Coinbase Stops Major Hack Attempt on AI Crypto Tool

Coinbase has successfully blocked a supply chain cyberattack aimed at its open-source AI toolkit, agentkit. The attacker tried to exploit GitHub permissions to add harmful code into the project’s automated build system (CI/CD pipeline). Thanks to a fast response from Coinbase and help from security professionals, no major damage occurred.

The issue was first made public on March 23, when Yu Jian, the founder of the security firm SlowMist, shared a post on X. He referred to a detailed report from Unit 42, the security research team at Palo Alto Networks.

The hacker targeted Coinbase’s open-source tool agentkit, which helps create blockchain-based AI agents. They also attacked another related toolkit, onchainkit, both hosted on GitHub. By forking these repositories, the attacker inserted dangerous code into the automation process. This malicious activity was detected on March 14, 2025.

Unit 42 explained that the goal was to take advantage of the public CI/CD flow in agentkit. The hacker used GitHub’s broad “write-all” permissions, which allowed them to plant harmful payloads into the automated workflows.
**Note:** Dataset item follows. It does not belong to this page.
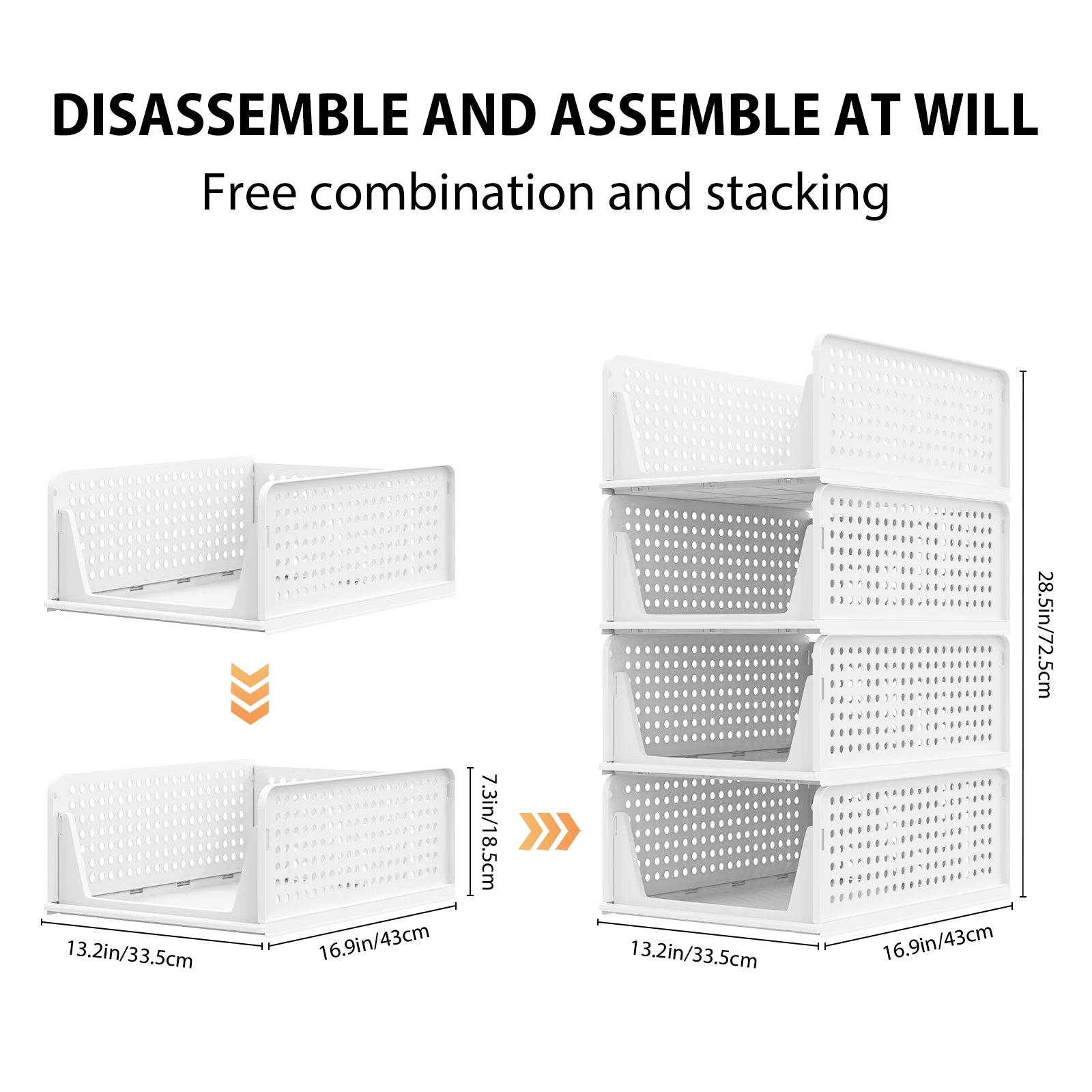 4 Pack Stackable Storage Drawers Foldable Large Capacity Closet Organiser Plastic Storage Bins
This could have exposed sensitive data or opened the door to further compromises.

Fortunately, the injected code did not include highly dangerous features like remote control tools or reverse shell exploits. Instead, it was built to gather internal data quietly. Still, the risk was serious.

Coinbase moved quickly. Working closely with cybersecurity experts, the company isolated the threat and applied key protections. Their quick action stopped the attack before it could reach deeper systems or cause lasting harm.

This incident comes at a time when Coinbase holds a critical role in the crypto world, especially as the largest crypto exchange in the U.S. and a main custodian for spot Bitcoin ETFs. A successful breach could have created serious problems in the wider industry, similar to Bybit’s recent $1.4 billion hack.

Although this attack failed, the same threat actor is now believed to be part of a larger cyber campaign that is gaining global attention.

In response, Yu Jian urged developers to carefully review their GitHub setups. He specifically warned those using tools like reviewdog or tj-actions to double-check their systems and make sure no sensitive information has leaked.

“If your company uses reviewdog or tj-actions, do a thorough self-examination,” he advised on X.

The case shows how securing open-source tools is becoming more urgent as the crypto space grows. According to data from DeFiLlama, over $1.5 billion in crypto has already been lost to hacks and exploits this year alone.